__Entries provided__
"""

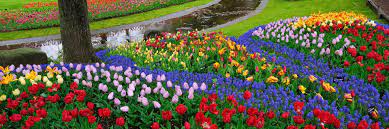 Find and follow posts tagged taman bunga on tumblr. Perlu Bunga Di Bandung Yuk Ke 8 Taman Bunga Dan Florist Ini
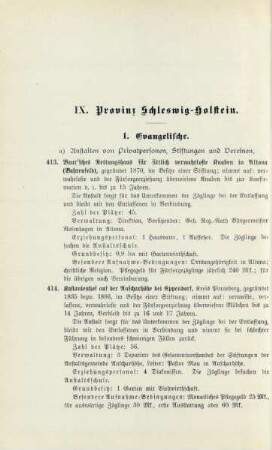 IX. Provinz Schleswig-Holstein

"""
"""

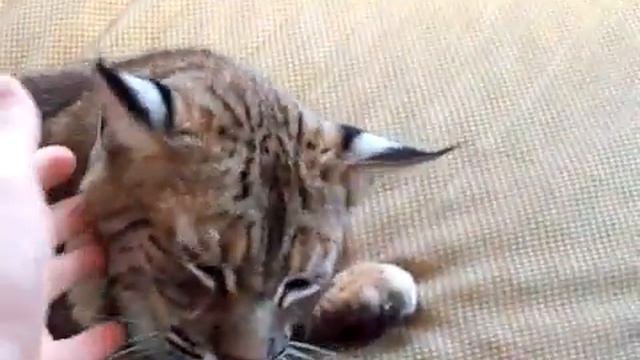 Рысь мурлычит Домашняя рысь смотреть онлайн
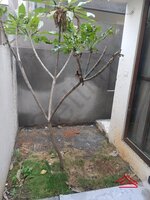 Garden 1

"""
"""

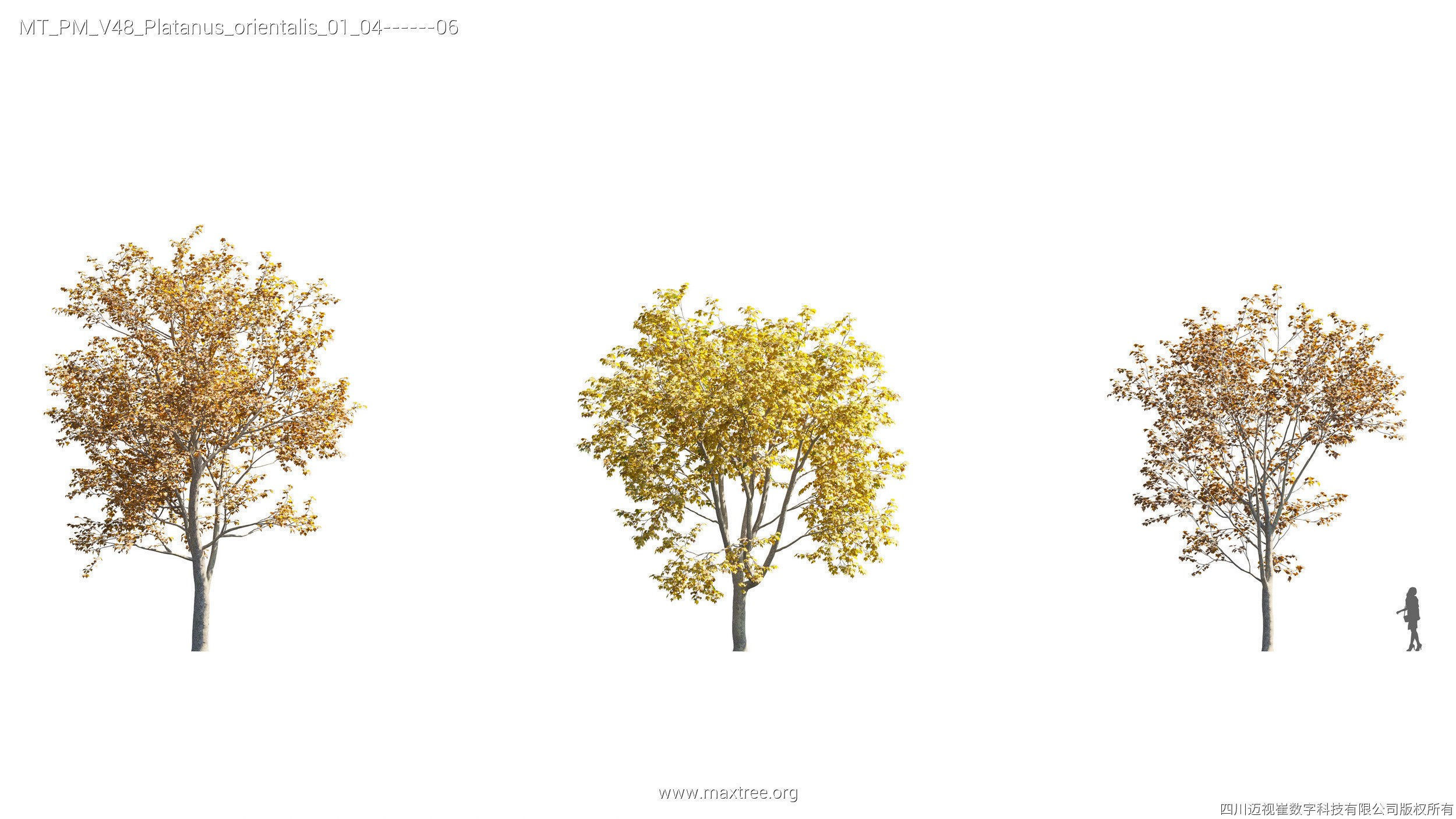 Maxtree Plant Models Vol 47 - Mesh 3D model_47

"""

__Exercise requirements__
Skip every picture, and restate word for word only the lines above from the line containing "Find and follow" to the line containing "IX. Provinz Schleswig-Holstein", both of them included.

__Solution to this task__
 Find and follow posts tagged taman bunga on tumblr. Perlu Bunga Di Bandung Yuk Ke 8 Taman Bunga Dan Florist Ini
 IX. Provinz Schleswig-Holstein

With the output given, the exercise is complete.